In the 1970s, DiCicco’s dream of becoming a professional athlete, nurtured on the Little League baseball fields and, later, the soccer fields of his Connecticut hometown, was receding in favor of a different vision: coaching.

“There’s something about ‘team,’ everybody working toward a common goal, that draws me in,” he said. “It’s almost been like a narcotic for me.”

A quarter-century later, the 50-year-old DiCicco still is hooked. Why shouldn’t he be? He is one of the most successful women’s coaches ever. And he rose to prominence at a fortuitous time, working with players who are skilled and sophisticated but still remember leaner times well enough to be grateful for their circumstances.

“I’ve always been a teacher, drawn to athletes who make a commitment and want to get better,” DiCicco said. “This team kind of epitomizes that. Even the biggest stars on the team are very open to coaching.

“This team is so neat in a lot of ways because they share my emotions, my degree of commitment to it. A lot of teams don’t.”

DiCicco grew up in a blue-collar family in the Hartford suburbs. His father owned an auto repair business and his mother, who worked for a tool manufacturer, gave him an early lesson in women’s athletic ability, schooling him in basketball in their driveway.

He became a goalkeeper basically by default, when his high school soccer coach asked for volunteers. “Everybody else was so much better than me that I was about a ninth-string midfielder,” DiCicco said. “It’s something I’ve never ever forgiven my high school coach for.”

He’s kidding, of course.
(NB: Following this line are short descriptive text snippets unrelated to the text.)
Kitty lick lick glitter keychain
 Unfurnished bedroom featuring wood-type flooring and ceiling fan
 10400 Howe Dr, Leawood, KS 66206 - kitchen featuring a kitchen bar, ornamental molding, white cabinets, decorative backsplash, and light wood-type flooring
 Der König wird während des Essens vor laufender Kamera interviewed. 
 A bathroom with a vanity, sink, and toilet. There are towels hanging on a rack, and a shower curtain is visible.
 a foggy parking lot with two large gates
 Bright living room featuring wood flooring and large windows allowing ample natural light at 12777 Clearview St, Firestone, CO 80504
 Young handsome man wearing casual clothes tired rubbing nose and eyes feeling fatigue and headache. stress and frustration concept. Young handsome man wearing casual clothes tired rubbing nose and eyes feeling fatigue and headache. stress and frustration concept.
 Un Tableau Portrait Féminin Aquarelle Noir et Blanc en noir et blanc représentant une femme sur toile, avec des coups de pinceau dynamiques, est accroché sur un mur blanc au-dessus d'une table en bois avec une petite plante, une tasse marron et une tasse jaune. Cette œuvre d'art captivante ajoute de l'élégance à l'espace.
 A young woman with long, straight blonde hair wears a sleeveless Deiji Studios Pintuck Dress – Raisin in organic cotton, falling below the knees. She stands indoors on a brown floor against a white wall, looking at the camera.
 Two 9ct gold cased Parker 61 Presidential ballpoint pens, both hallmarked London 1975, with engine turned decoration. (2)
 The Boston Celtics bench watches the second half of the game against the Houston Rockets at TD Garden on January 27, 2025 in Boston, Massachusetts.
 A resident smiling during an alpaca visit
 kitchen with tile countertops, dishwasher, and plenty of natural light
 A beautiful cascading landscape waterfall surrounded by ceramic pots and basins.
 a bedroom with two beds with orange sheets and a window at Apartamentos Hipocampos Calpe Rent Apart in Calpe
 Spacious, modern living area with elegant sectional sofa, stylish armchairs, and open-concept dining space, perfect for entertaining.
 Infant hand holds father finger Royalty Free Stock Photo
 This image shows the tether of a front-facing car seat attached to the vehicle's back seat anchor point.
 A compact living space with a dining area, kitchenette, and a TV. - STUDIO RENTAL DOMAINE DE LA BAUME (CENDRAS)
DiCicco is not tall, but he was quick and had some leaping ability. (His chief recreational outlet these days is downhill skiing, which he does every chance he gets at a condominium he owns in Vermont.) He turned his accidental job into a modest franchise, playing in college and professionally, and later started his own goalkeeping camps.

In an odd coincidence, DiCicco and U.S. men’s coach Bruce Arena, also a ‘keeper,’ made their only national team appearances two months apart in 1973, each subbing into one match.

DiCicco joined the women’s team as a goalkeeping coach before the 1991 World Cup and was elevated to the head coaching position after Anson Dorrance’s abrupt resignation in 1994.

Players say DiCicco made the transition easy. In the intervening years, he has made many changes, including the tactical system the team employs, but one aspect of his style has remained consistent–his tendency to operate on Tony Time, which is about 10 minutes faster than just about everybody else.

He wishes people’s perceptions of women’s soccer would run similarly ahead of schedule, but he is realistic.

“Sometimes when I hear people talk about women’s athletics, I say you don’t have to go back too far–certainly in my lifetime, the NBA in the ’50s–where our men’s top sports were barely surviving,” DiCicco said. “If it’s entertaining, it’s going to sell.”